Entendant cela, tout seigneur qu’il était, il prit peur. Il vit derrière Netkilyte, la lumière qui commençait à se répandre tel un fleuve. L’être de lumière disait vrai, son maître était là. Le Seigneur des mondes noirs dit une incantation et disparut. Netkilyte se mit à rire. C’en était trop pour tous les malfaisants qui étaient restés là. Ils se mirent à fuir.
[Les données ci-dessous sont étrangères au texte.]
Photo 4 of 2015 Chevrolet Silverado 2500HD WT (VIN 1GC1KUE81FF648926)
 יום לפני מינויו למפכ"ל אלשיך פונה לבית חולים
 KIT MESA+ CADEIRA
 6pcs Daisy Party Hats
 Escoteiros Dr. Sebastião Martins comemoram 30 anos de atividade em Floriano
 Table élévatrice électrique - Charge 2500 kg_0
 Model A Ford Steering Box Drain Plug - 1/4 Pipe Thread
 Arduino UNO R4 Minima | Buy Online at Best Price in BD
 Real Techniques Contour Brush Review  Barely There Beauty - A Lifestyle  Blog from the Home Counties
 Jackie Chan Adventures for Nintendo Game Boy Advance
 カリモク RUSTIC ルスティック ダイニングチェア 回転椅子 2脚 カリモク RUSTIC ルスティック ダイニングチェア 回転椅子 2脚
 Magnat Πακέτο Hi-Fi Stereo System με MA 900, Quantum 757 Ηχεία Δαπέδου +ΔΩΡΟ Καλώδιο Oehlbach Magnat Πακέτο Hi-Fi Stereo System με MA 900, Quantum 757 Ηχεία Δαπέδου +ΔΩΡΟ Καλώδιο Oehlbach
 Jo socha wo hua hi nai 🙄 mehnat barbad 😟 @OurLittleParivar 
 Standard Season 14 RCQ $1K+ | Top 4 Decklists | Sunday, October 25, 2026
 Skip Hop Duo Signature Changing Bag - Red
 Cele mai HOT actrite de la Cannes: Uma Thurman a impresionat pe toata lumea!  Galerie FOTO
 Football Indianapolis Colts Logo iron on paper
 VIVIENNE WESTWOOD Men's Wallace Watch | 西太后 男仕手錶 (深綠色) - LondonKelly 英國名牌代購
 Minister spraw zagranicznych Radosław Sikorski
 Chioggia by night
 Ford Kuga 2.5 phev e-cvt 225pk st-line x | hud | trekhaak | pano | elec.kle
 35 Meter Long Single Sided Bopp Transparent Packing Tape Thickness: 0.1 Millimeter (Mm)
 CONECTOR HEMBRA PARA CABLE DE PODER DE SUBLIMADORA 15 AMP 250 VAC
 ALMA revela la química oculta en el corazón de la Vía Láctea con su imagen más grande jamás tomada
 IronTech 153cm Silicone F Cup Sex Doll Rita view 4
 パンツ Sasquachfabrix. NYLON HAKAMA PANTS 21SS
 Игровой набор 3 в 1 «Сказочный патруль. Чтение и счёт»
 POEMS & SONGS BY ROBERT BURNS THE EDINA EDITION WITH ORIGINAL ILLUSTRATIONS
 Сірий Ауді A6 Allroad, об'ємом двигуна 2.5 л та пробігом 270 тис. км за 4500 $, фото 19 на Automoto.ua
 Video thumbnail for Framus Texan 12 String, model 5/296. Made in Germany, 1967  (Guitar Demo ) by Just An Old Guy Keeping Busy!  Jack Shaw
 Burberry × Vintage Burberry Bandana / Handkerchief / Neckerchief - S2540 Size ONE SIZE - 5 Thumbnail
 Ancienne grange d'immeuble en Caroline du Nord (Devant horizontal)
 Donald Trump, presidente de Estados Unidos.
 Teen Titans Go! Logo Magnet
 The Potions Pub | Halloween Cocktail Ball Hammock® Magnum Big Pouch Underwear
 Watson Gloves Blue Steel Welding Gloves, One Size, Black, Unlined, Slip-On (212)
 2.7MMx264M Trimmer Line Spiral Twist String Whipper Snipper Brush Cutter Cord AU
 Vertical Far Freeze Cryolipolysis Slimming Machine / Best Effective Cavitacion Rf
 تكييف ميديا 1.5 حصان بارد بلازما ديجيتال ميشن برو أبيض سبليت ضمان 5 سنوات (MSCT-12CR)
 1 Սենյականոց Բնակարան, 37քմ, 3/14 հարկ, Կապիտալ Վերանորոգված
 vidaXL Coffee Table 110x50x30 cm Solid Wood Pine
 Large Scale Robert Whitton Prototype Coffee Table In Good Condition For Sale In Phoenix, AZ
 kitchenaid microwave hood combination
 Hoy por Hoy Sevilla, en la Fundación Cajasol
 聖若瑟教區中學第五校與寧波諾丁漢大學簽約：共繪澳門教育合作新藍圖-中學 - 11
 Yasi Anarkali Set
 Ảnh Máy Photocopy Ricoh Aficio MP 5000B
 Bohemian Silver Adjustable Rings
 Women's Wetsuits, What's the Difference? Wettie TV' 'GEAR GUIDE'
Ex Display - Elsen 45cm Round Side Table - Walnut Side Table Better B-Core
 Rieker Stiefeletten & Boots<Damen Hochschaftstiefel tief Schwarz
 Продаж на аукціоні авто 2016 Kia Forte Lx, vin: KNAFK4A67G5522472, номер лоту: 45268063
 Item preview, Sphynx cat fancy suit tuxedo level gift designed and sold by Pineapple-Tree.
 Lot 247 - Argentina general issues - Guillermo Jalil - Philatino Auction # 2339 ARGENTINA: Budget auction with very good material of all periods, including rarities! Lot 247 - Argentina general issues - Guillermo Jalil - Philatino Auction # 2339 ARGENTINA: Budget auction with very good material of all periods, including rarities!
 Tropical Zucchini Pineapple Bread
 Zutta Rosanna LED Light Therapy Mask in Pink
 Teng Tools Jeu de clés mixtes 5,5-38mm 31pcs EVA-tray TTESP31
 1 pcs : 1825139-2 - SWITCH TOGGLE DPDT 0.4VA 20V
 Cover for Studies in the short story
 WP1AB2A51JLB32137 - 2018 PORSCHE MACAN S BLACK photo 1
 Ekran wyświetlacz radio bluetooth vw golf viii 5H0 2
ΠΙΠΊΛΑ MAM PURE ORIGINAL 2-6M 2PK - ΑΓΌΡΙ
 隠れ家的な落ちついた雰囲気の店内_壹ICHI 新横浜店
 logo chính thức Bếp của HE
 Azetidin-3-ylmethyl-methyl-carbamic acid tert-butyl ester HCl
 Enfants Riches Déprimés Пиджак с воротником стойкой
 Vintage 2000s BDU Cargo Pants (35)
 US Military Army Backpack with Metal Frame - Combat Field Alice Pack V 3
Le soleil levant faisait flamboyer le ciel, éclairant la maison des accueillis de pourpre et de jaune d'or. Plus intense encore la lumière qui s’écoulait du tertre faisait briller toutes choses. Les couleurs éclataient dans une symphonie dont le contraste était rehaussé par la proximité de la Force Noire. L'air était devenu plus léger à respirer. Renatka, tenant Cantasha dans les bras, regardait autour de lui la transformation soudaine du cauchemar en rêve éveillé. Lentement une forme apparut, drainant le fleuve lumineux. Bientôt elle dépassa les arbres. Renatka se dit qu’elle touchait au ciel. Il y avait maintenant une colonne de lumière devant lui. Cantasha bougea. Voyant qu’elle reprenait conscience, Renatka lui fit poser les pieds par terre sans lâcher sa taille. Sous les yeux du couple enlacé, la forme, une allure vaguement humaine. Derrière, sur le tertre, une masse noire se tassait petit à petit laissant apparaître la silhouette d’une femme. Cantasha reconnut sa mère. Elle voulut courir vers elle. La forme fit un geste, l’arrêtant sur place.
- Non, il est préférable que tu restes près de lui, Cal…ent…blu.
Cantasha sursauta. La forme devant elle avait osé prononcer une des cinq runes sacrées avec les tonalités secrètes. Puis le sens de la phrase la pénétra. Celui qui avait cantilé la rune sacrée l’avait utilisée pour la désigner elle. La pensée explosa dans sa tête : elle était en présence du maître des runes, celui que désignait la rune royale. Elle se laissa tomber à genoux, entraînant Renatka dans sa descente, tout en murmurant :
- Le Maître des runes !
- Tu as encore à apprendre, Cal…ent…blu. Je te fais confiance, tu trouveras le chemin. Celui que tu as choisi et qui t’a choisie, t’enseignera aussi. Il est nécessaire que vous soyez deux pour le chemin qui va advenir pour vous. Il est nécessaire parce que je suis double.
Un sourd gémissement se fit entendre. Il venait de la masse noire au pied du tertre qui était prisonnière d’un filet de lumières multicolores. L’être double se retourna vers la Force Noire. La lumière qui l’entourait s’adoucit.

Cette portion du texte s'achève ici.